Le père Marie-Benoît, un capucin, a sauvé 4500 Juifs pendant la guerre.

     Dans ses souvenirs, tout avait commencé fin 1940, peut-être début 1941. Un homme était venu le voir, dans son couvent de Marseille, afin de lui demander de secourir une jeune fille juive et sa famille. Spontanément, le capucin avait accepté parce que, déclarait-il, « il ouvrait les bras à quiconque demandait de l’aide ». A cette nuance près qu’à cette époque, ils n’étaient guère nombreux à tendre la main aux Juifs étrangers qui avaient fui les armées allemandes et que les conditions d’armistice et les directives de Vichy avaient placés dans une nasse.
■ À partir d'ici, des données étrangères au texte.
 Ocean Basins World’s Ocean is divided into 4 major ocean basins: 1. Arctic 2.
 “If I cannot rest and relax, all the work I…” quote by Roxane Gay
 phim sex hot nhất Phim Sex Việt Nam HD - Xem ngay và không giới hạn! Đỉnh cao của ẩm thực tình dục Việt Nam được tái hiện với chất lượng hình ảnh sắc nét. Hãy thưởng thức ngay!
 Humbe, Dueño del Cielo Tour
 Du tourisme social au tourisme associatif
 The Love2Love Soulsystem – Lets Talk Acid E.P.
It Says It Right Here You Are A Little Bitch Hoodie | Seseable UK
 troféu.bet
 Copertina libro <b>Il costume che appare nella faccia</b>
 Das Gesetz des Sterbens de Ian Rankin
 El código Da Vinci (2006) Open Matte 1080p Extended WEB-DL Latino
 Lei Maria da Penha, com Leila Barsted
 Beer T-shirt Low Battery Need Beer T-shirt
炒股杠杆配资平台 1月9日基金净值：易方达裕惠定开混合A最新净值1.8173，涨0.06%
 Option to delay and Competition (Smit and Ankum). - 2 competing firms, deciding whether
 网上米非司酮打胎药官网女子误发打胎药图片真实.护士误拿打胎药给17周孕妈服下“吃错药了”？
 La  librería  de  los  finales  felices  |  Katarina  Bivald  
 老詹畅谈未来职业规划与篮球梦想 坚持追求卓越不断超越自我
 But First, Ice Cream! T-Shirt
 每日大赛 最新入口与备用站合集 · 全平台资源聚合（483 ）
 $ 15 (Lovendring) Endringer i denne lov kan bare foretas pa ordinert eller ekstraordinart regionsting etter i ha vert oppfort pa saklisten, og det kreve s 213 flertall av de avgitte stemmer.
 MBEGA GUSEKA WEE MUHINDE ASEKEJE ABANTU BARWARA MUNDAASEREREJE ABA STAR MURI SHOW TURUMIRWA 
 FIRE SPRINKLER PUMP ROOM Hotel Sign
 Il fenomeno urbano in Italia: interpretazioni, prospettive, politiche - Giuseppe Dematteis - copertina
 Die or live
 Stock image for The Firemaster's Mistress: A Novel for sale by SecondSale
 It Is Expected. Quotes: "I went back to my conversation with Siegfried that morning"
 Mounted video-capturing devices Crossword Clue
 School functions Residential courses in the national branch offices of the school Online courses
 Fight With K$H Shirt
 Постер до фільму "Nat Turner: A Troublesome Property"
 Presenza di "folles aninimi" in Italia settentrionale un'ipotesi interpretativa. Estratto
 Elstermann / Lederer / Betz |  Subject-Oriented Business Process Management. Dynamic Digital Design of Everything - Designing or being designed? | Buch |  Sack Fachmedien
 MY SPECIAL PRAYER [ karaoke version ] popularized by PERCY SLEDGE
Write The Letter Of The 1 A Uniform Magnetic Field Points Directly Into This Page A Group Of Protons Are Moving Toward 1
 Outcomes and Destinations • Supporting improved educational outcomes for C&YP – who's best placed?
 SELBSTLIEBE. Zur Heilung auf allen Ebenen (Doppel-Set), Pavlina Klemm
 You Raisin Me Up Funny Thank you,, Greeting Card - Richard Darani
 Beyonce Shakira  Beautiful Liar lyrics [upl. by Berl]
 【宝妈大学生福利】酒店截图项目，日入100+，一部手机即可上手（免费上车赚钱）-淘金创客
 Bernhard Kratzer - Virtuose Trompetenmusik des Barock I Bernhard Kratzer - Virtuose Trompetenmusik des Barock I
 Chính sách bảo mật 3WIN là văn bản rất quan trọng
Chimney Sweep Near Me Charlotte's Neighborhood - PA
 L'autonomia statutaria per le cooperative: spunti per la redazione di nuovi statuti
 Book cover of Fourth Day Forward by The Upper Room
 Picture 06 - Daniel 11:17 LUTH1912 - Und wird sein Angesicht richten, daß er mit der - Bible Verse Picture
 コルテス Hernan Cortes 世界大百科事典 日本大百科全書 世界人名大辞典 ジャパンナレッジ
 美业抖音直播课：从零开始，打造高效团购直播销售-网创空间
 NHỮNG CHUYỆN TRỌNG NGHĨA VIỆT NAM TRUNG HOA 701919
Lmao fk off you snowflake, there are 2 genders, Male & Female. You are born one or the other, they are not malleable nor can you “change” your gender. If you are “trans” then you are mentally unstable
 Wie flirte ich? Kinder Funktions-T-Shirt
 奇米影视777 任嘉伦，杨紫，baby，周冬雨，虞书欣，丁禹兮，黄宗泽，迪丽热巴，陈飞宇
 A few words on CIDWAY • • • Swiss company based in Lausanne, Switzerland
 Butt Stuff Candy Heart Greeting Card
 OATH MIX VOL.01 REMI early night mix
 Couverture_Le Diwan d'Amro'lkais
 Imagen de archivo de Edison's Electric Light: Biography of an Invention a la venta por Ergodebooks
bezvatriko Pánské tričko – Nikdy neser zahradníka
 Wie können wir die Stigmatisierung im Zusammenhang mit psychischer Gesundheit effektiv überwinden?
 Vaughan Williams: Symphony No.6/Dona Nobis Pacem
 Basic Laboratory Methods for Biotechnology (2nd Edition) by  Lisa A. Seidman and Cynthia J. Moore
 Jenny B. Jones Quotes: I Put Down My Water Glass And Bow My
Mais le père Marie-Benoît n’était pas du genre à se laisser impressionner. Le bruit de son intervention s’était discrètement répandu, les cas s’étaient succédé. Il avait secouru dix, puis vingt, puis cent réfugiés juifs. Et cela avait continué : quatre ans durant, dans le sud de la France (Marseille et Nice) puis à Rome (en 1943 et 1944), le religieux avait fait de l’assistance aux persécutés et pourchassés de toutes sortes, Juifs, résistants ou aviateurs alliés, une véritable mission. Combien de personnes avait-il secourues ? Le nombre de Juifs qui lui doivent la vie sauve est estimé à 4 500. Pie XII, en 1943, avait encouragé l’entreprise de ce fils de saint François qui sera un des premiers Français, en 1966, à être décoré du titre de « Juste parmi les nations » : à Yad Vashem, le Mémorial des héros et martyrs de l’Holocauste créé par l’Etat d’Israël, un arbre a été planté en son honneur.
     Susan Zuccotti, une historienne américaine, consacre un livre à ce personnage qui mérite d’être connu. L’ouvrage ne remplace pas la biographie savante que Gérard Cholvy, professeur émérite à l’université de Montpellier, a publiée sur lui (Marie-Benoît de Bourg d’Iré, Cerf, 2010). Mais sa lecture donne à admirer l’itinéraire étonnant de Pierre Péteul, né dans une modeste famille de l’Anjou, entré en religion sous le nom de Marie-Benoît, devenu docteur en philosophie et professeur au Collège de son ordre à Rome. Ce héros modeste, mort en 1990, aura beaucoup compté dans le dialogue instauré après-guerre entre l’Eglise catholique et les Juifs, ce qui ajoute à sa dimension historique.

Jean Sévillia

Père Marie-Benoît, de Susan Zuccotti, Bayard, 446 p., 34,90 ¤. Traduit de l’anglais (Etats-Unis) par Pierre-Emmanuel Dauzat.